Yes. For memory bandwidth, run a STREAM benchmark (available for Linux and Windows). For storage, use fio or CrystalDiskMark. GPU memory bandwidth can be tested with gpu-burn or vendor-provided tools. All will report in either GiB/s or GB/s depending on the tool — check which one.

Electrical signalling on copper traces maxes out around 112 Gbps (about 13 GiB/s) per lane with current technology. Beyond that, optics take over — silicon photonics interconnects can push individual channels to 200+ Gbps. The physical speed of light in fiber is not the limit; it is the modulation and detection electronics.

Bit per second – Frequently Asked Questions

A bit represents a single binary choice — 0 or 1 — which is the fundamental quantum of digital information. Every larger unit (byte, kilobit, megabit) is just a multiple of bits. You cannot meaningfully subdivide a binary digit, so bps is the floor of data rate measurement.

LoRaWAN IoT sensors, some RFID readers, and legacy serial ports (RS-232 at 300–9600 baud) still deal in raw bps ranges. Satellites communicating with deep-space probes also use very low bps — NASA's Voyager 1 transmits at about 160 bps from interstellar space.

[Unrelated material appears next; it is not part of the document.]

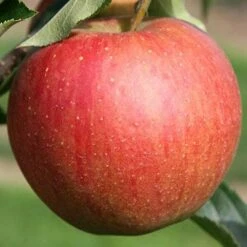Apple Rubinette -Fruit Garden Shop rubinette02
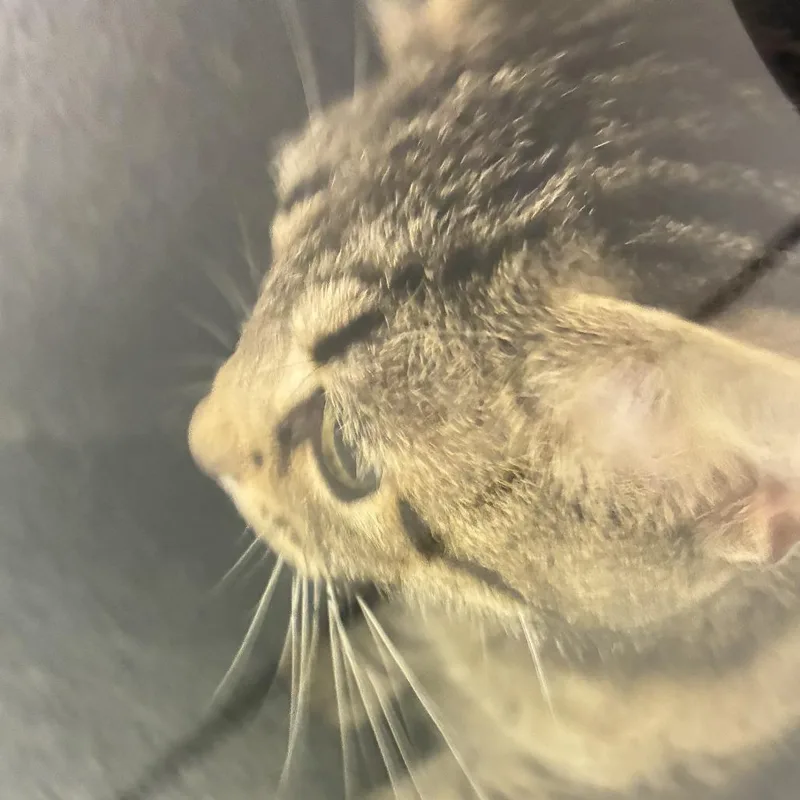 An adult medium-sized female Brown / Chocolate Domestic Short Hair cat named 71830 for adoption in Harrisonburg, VA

Not exactly. Baud measures symbol changes per second, while bps measures bits per second. If each symbol encodes one bit, they are equal. But modern modems encode multiple bits per symbol — a 2400-baud modem using 16-QAM transmits 9600 bps because each symbol carries 4 bits.

Research suggests human speech carries about 39 bits per second of actual information content, regardless of language. Italian speakers talk faster but convey less information per syllable than Japanese speakers, balancing out to roughly the same bps across all studied languages.

The 56 kbps limit came from the Shannon-Hartley theorem applied to analogue phone lines. The 3.1 kHz bandwidth of a voice telephone channel, combined with its signal-to-noise ratio, creates a theoretical ceiling near 56 kbps. FCC power regulations further capped actual downstream to 53.3 kbps.